Bilgisayar otoyolu da deniyor ya Acunağ’a… Ama bu bağlanmayı karayolunda gidiş değil de sanal ortamda zıplayış olarak düşünmeli. Yani karaya bağımlı değilsiniz. Onun için Tanzanya’nın bir dağ köyünde bulunan arkadaşınızın bilgisayarındaki bir müzik parçasına da, Britanya Müzesi’ndeki, Anadolu’dan araklanan yontuların resimlerine de, Amerikan Kongresi’nin kütüphanesindeki bir kitabın ilk basımının sanal kopyasına da, size penceresinden el sallayan karşı komşunuzun bilgisayarındaki bir ‘uygunsuz’ resme de ulaşmanız saniyelerle ölçülüyor. Üstelik son teknolojik gelişmelerle bu süre gittikçe azalıyor. Gerçek zamana yakın diyeceğim ama gerçek zamandan da çabuk olacak karşı evde oturan arkadaşınıza ulaşmanız.
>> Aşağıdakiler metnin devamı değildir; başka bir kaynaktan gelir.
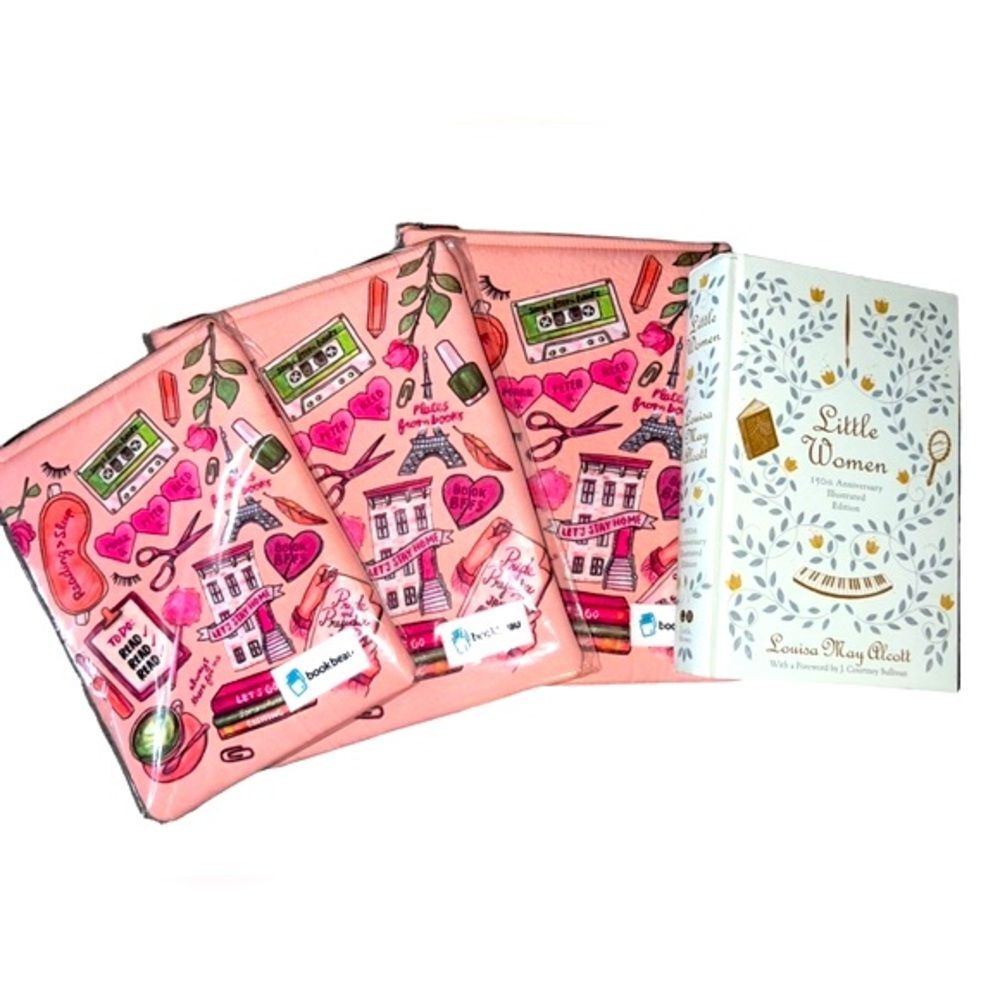 BookBeau NWT Padded Protective Book Sleeve Zipper Closure - Bookish Things‎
Daha siz masadan kalkıp, pencereye yürüyüp, pencereyi açıp arkadaşınıza “Hey, istediğini gönderdim,” diye seslenemeden, ağ üzerinden gönderdiğiniz belge (yazı, resim,müzik ya da film kesiği) ona ulaşmış oluyor. İsterse onun sanal adresi And Dağları’nın eteklerindeki bir kasabada bulunan küçük bir şirkete bağlı olsun. Elinizdeki belge, Şili’ye gidip, oradan dönüp karşı evde oturan arkadaşınızın bilgisayarına iniveriyor —daha siz ayağa kalkıp ona seslenmek için pencereye ulaşamadan. Siz üçgenin kısa, kıpkısa kenarını aşamadan, belgeniz, üçgenin uzun, hem de ne uzun iki kenarını aşıp ereğine ulaşmış oluyor. Eğer bunda bir ‘büyü’ yoksa ben de kuyruklu piyanoyum! Büyü mü?
Büyü elbette. Gelecekte bu alanda neler yapılabileceğini düşünmek için bile düşgücümüz yaya kalıyor. Sanal cerrahi başladı bile. Avustralya’nın Sydney kentindeki bir cerrah, Acunağ aracılığıyla Şırnak’taki bir hastayı ameliyat edebilecekmiş artık. Hayır, aklınıza geleni belki daha uzun süre yapamayacağız, ama bilgisayar teknolojisinin sundukları yine de baş döndürücü. Onun için, İngiliz yazarı Arthur C. Clarke “Yeterince gelişmiş teknoloji büyüye yaklaşır,” dememiş miydi? Bütün insansoyu büyülenmiş durumda. Hem iyi hem kötü anlamıyla… Böyle bir olanak, tıpkı cerrahın neşteri gibi, hem olumlu hem olumsuz amaçlar için kullanılabilir. Ama her araç böyle değil mi zaten? Büyüyü sezip de bilgisayara uzak duranlar olduğunu biliyorum. Çok temelli şeyler söyledikleri de. Ama ileri sürdükleri olsa olsa neştere karşı çıkmaya benziyor ya da çıngıraklıyılandan elde edilen zehre.
İyi ya da kötü olan, aracı kullanan eldir. Kimi kaçık bilimkurgu yazarları ne derse desin, makinenin ruhu yok. İyi de, kötü de bizim ellerimizde, daha doğrusu beyinlerimizde. Beyinlerimizi düzeltirsek, makineleri kırmamıza gerek kalmaz.